**Instructions for the task**. Write out the listing below in full and exactly, leaving out every picture.

**Provided data**.
────────────────────

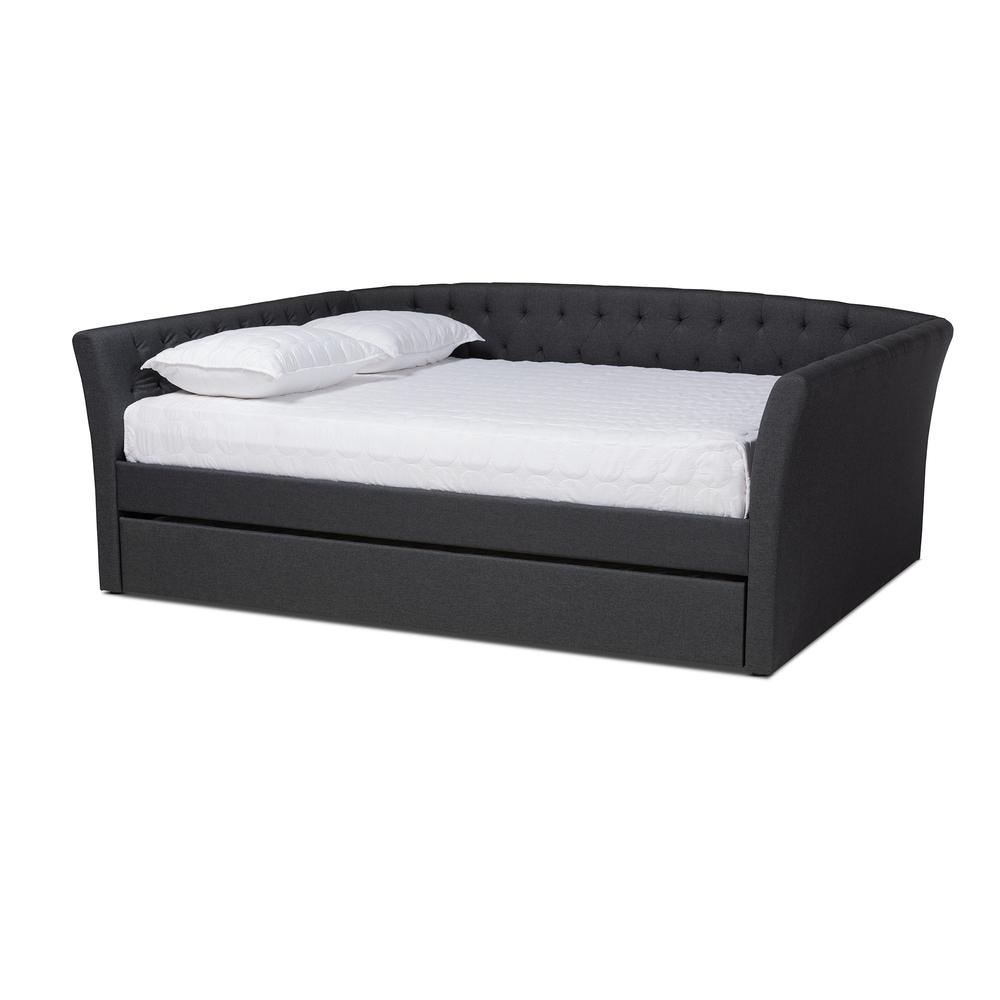 Dark Grey Fabric Upholstered Full Size Daybed with Roll-Out Trundle Bed. Picture 12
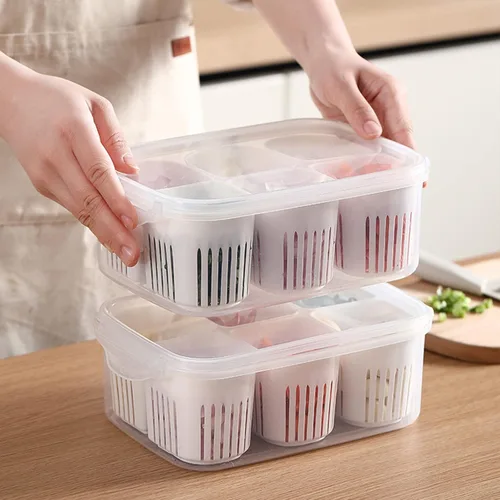 Miniatura 4 de Contenedores de almacenamiento de alimentos con tapas, herméticos, 6 unidades, reutilizables, divididos, organizadores de refrigerador, extraíbles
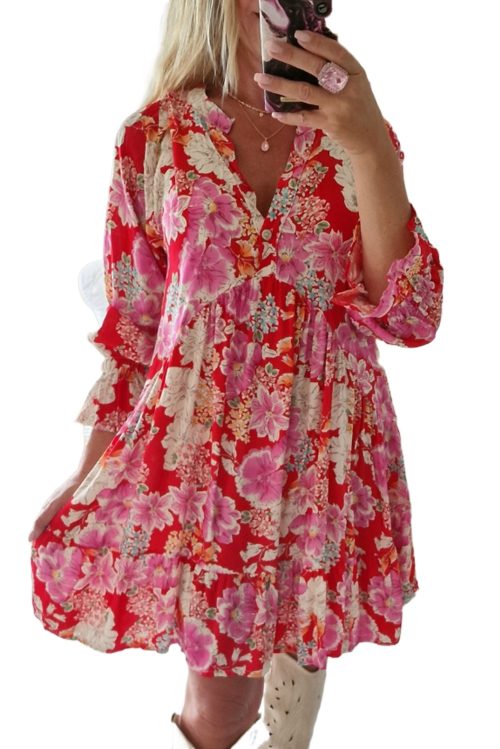 Women's Red Floral Print High Waist V Neck Babydoll Mini Dress - Playful & Elegant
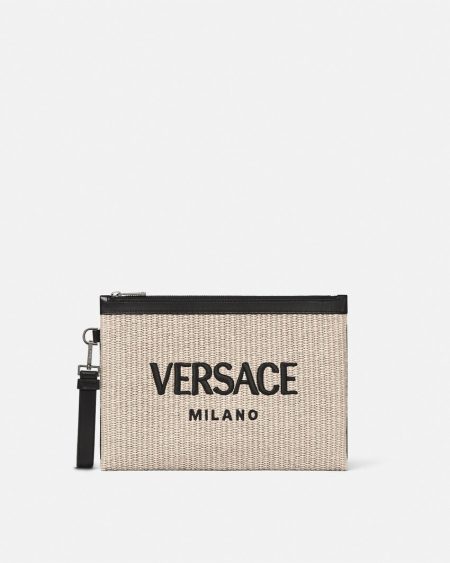 VERSACE MILANO RAFFIA POUCH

────────────────────

**Your solution**.
 Dark Grey Fabric Upholstered Full Size Daybed with Roll-Out Trundle Bed. Picture 12
 Miniatura 4 de Contenedores de almacenamiento de alimentos con tapas, herméticos, 6 unidades, reutilizables, divididos, organizadores de refrigerador, extraíbles
 Women's Red Floral Print High Waist V Neck Babydoll Mini Dress - Playful & Elegant
 VERSACE MILANO RAFFIA POUCH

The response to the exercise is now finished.